The said security deposit, net of all applicable deductions, shall be returned not earlier than sixty (60) days after the termination of the Lease Period and after submission by LESSEE of proof of full payment of utilities up to the date the Leased Premises are actually vacated. Lacking such proof, the LESSOR can withhold refund of said deposit in full or in part to the extent deemed necessary by the LESSOR.[96] (Emphasis supplied)
Petitioner admits that there were still pieces of equipment in the leased premises after September 30, 2003, albeit it denies being their owner.

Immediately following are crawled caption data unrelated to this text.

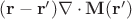$(\mathbf{r} - \mathbf{r'})\nabla \cdot \mathbf{M}(\mathbf{r'})$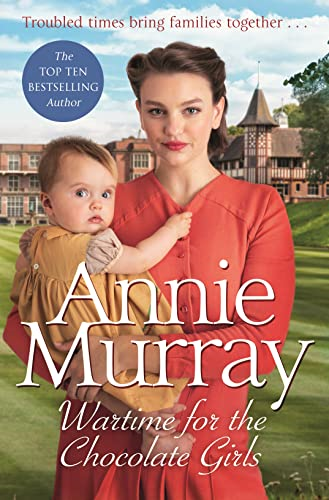 Wartime for the Chocolate Girls: A gritty and heartwarming World War Two Saga set in Birmingham (Chocolate Girls)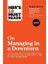 Hbr's 10 Must Reads On Managing In A Downturn (Expanded Edition): Hbr's 10 Must Reads 1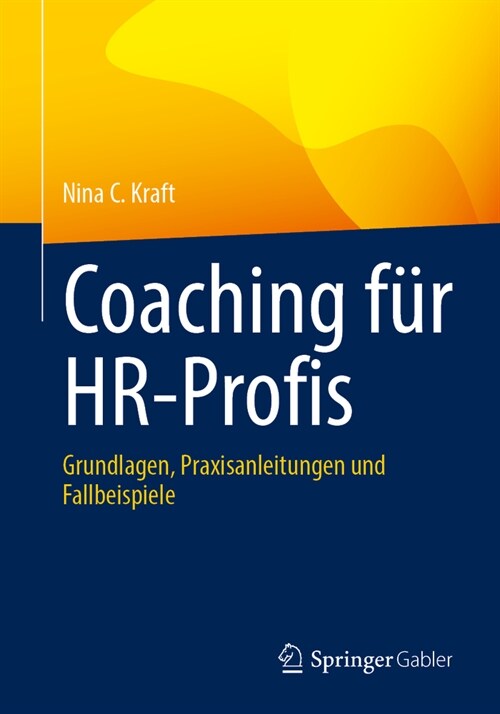 Coaching F? Hr-Profis: Grundlagen, Praxisanleitungen Und Fallbeispiele (Paperback, 2024)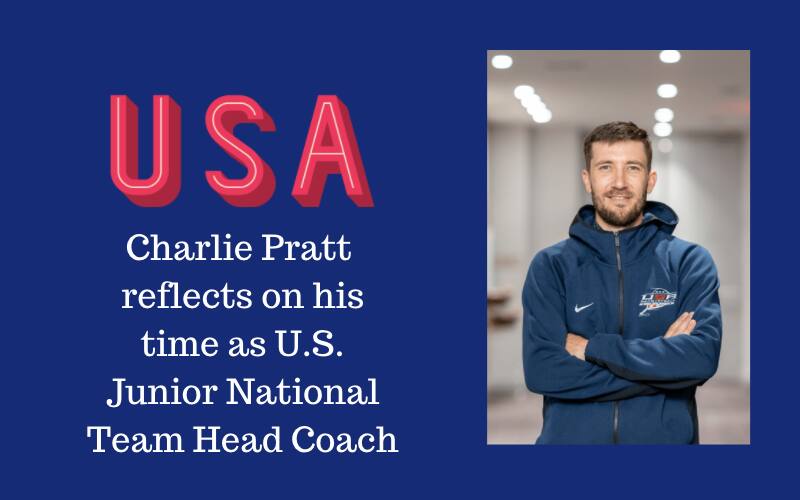 Charlie Pratt  reflects on his time as U.S. Junior National Team Head Coach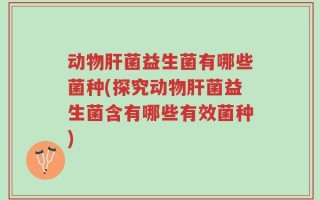 动物肝菌益生菌有哪些菌种(探究动物肝菌益生菌含有哪些有效菌种)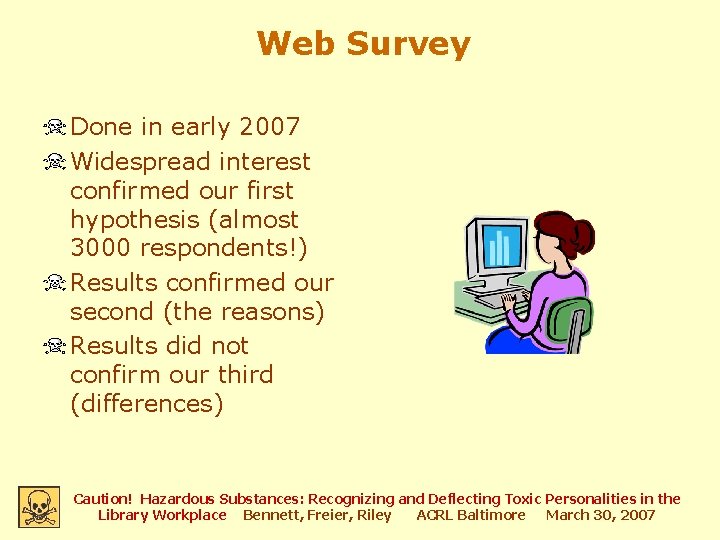 Web Survey Done in early 2007 Widespread interest confirmed our first hypothesis (almost 3000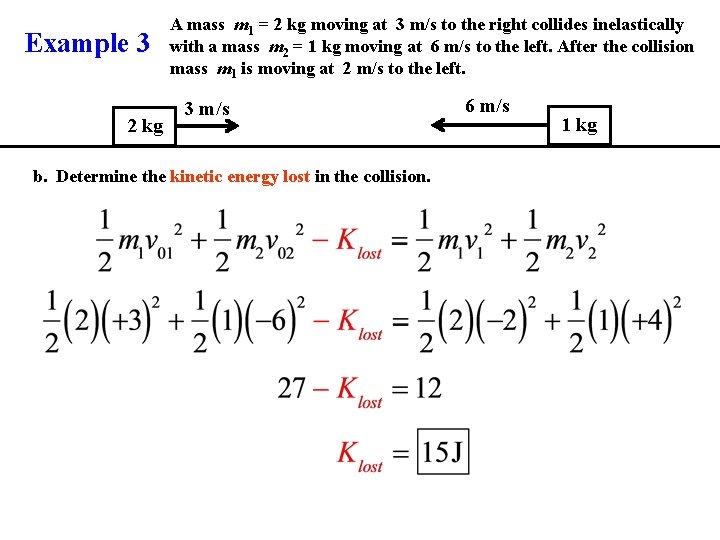 Example 3 2 kg A mass m 1 = 2 kg moving at 3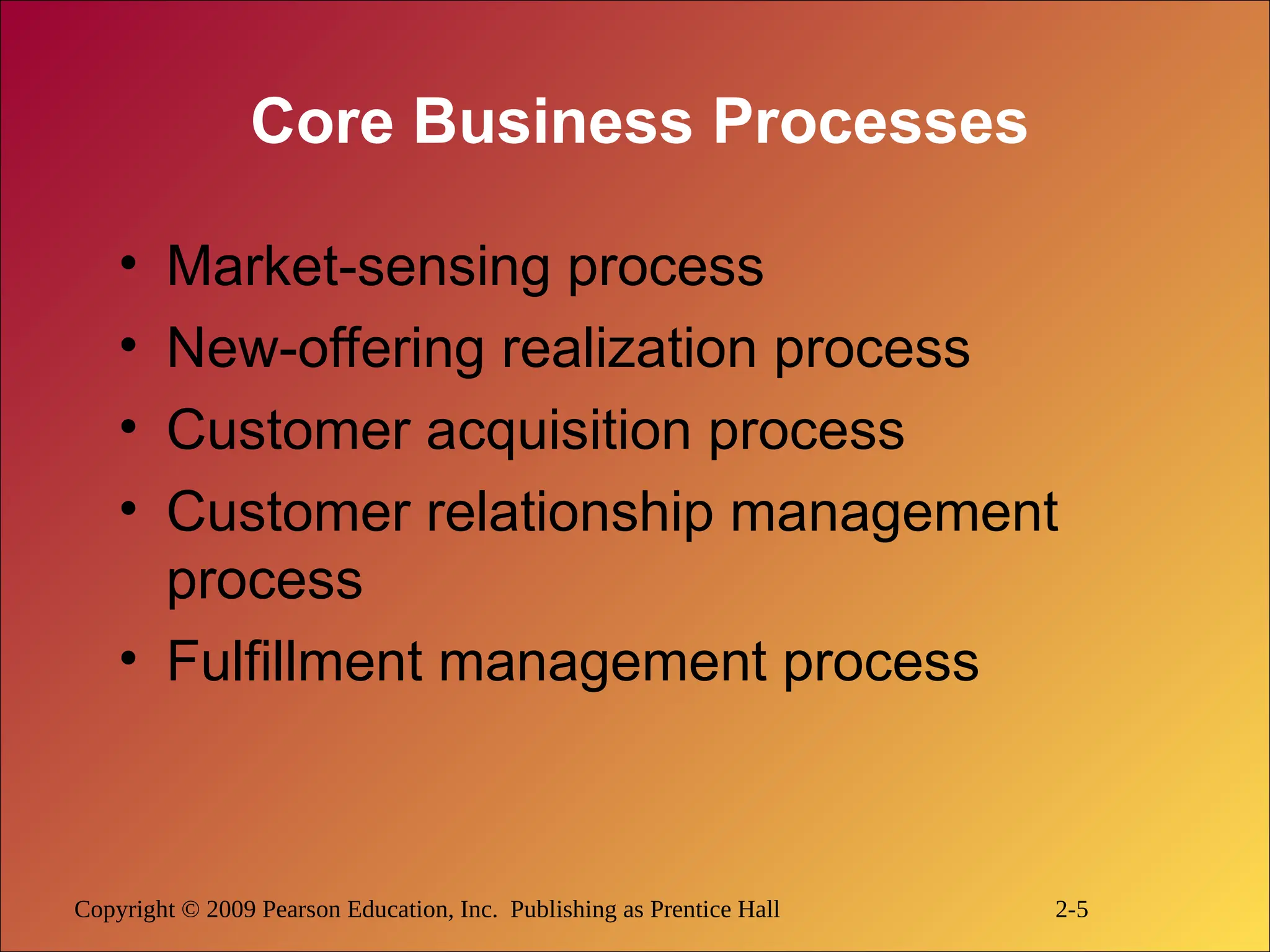 Copyright © 2009 Pearson Education, Inc. Publishing as Prentice Hall 2-5
Core Business Processes
• Market-sensing process
• New-offering realization process
• Customer acquisition process
• Customer relationship management
process
• Fulfillment management process
 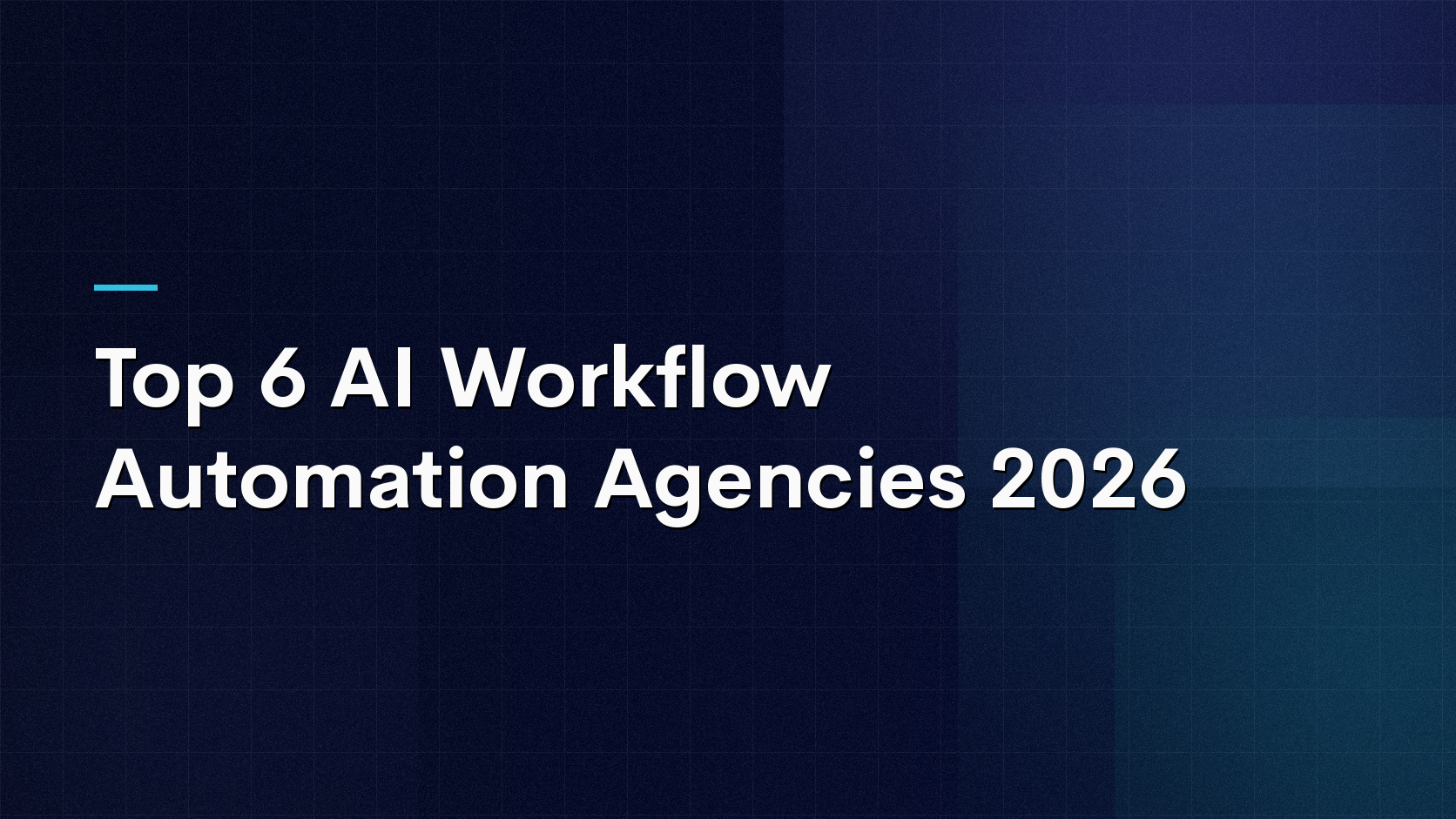 Top 6 AI Workflow Automation Agencies 2026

Whether or not petitioner owns the pieces of equipment is irrelevant. Section 9 of the Standard Terms and Conditions expressly prohibited the lessee to allow third parties to use the leased premises:
Section 9. LIMITATIONS ON USE OF LEASED PREMISES

Subject to the provisions of Sec. 7 above, the LESSEE further agrees and undertakes that:

(a)
The communications room commercial space constituting the Leased Premises shall be used by the LESSEE exclusively for placement and operation of its communications equipment. During the Lease Period, the LESSEE shall have possession of and have the right to use and enjoy the Leased Premises, in accordance with the terms and conditions set forth herein and in strict conformity with all laws, ordinances and regulations applicable thereto, including the Amended Master Deed with Declaration of Restrictions. The LESSEE covenants and agrees not to use or allow the use of the Leased Premises in contravention of the terms and conditions herein stated, or for dwelling or illegal or immoral purposes, or otherwise for purposes prohibited by the LESSOR.
(b)
It is expressly understood and agreed by the parties that the personal character of the LESSEE and the nature of the occupancy of the Leased Premises are among the special reasons and inducement for the grant of this lease by the LESSOR. Thus, the LESSEE shall not directly or indirectly assign, transfer, convey or encumber its rights under this Contract, nor sub-lease the Leased Premises or any part thereof, nor in any other manner allow a third party to avail of its right of lease or use over the Leased Premises or any portion thereof. Neither shall the LESSEE enter, directly or indirectly, into any contract or agreement with any third person, association, corporation, partnership or other entity, nor enter into a joint-venture or partnership or any other arrangement or accommodation whatsoever, whereby said third person, etc., is effectively allowed to occupy and use, place and operate its equipment in or upon, or transact business or otherwise carry on any other activity upon or within the Leased Premises under any guise whatsoever. ... In case of any violation, direct or indirect, of this provision, the LESSOR may motu proprio terminate or cancel this lease as of the time such violation occurred, by issuance of a written notice to LESSEE of such termination or cancellation, without need of judicial action, and this lease shall be thereby terminated or cancelled, without prejudice to LESSOR'S remedies under the law and this Contract to enforce collection of the amounts due it from the LESSEE and to effect removal or ejectment of the LESSEE from the Leased Premises.[97] (Emphasis supplied)
This Court finds that as far as respondent-lessor is concerned, all equipment which may be found in the leased premises are deemed owned by petitioner. The contract is clear and provides no room for any other interpretation. Whether there were negotiations between the

telecommunications companies which actually owned the pieces of equipment and respondent Vigil is immaterial. It is the sole responsibility of petitioner-lessee to ensure that no equipment remained in the leased premises after the expiration of the contract.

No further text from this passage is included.